BRIEF: The required output is an exact copy of the lines from the one containing "SCION XB 2013 jtlze4fe2dj036814" through the end of the entries below, with pictures removed.

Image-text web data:
----

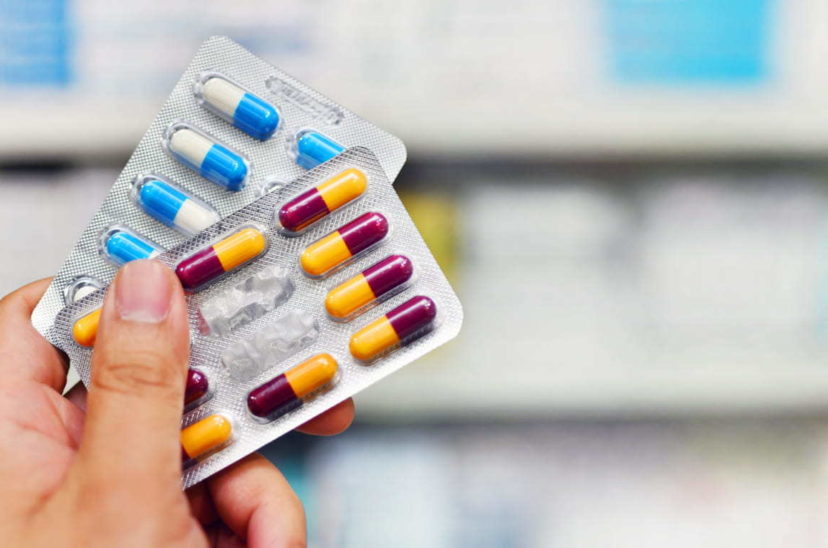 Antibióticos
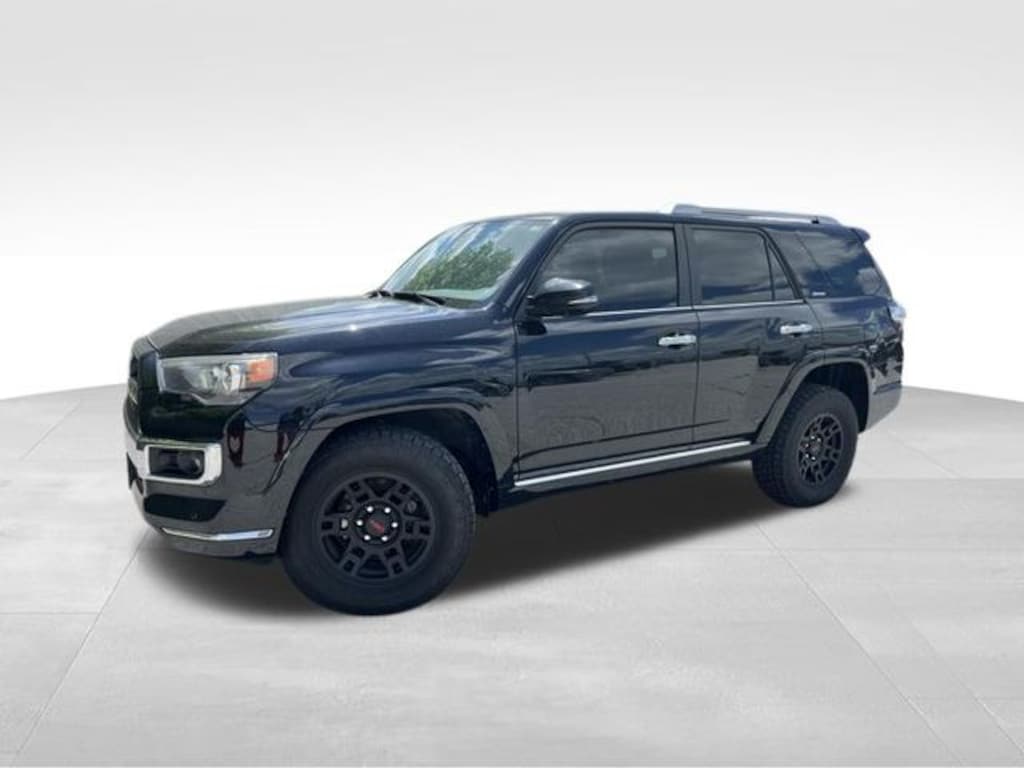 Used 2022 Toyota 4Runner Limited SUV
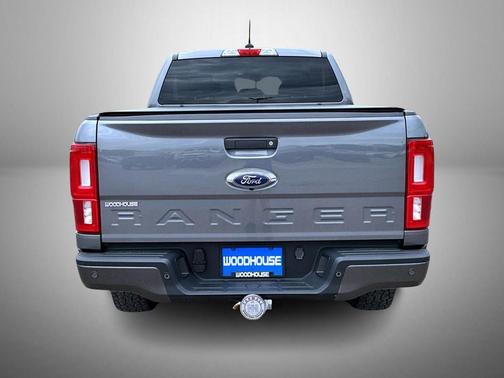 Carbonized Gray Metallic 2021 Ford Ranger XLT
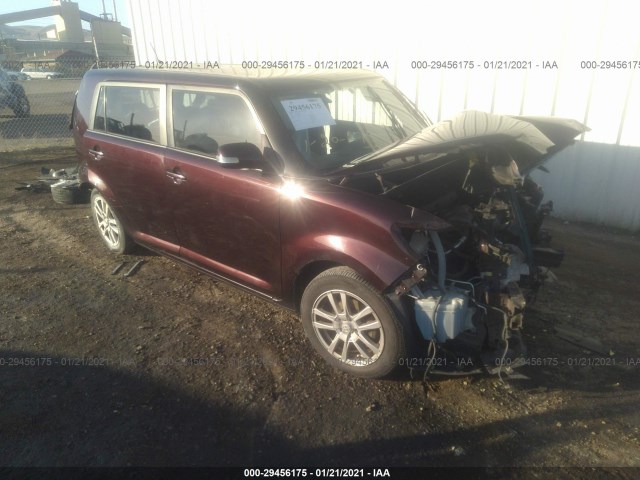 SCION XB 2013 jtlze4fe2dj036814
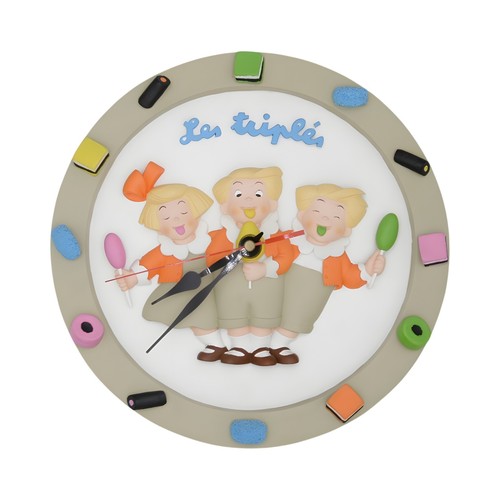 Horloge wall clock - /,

----

TASK ANSWER:
 SCION XB 2013 jtlze4fe2dj036814
 Horloge wall clock - /,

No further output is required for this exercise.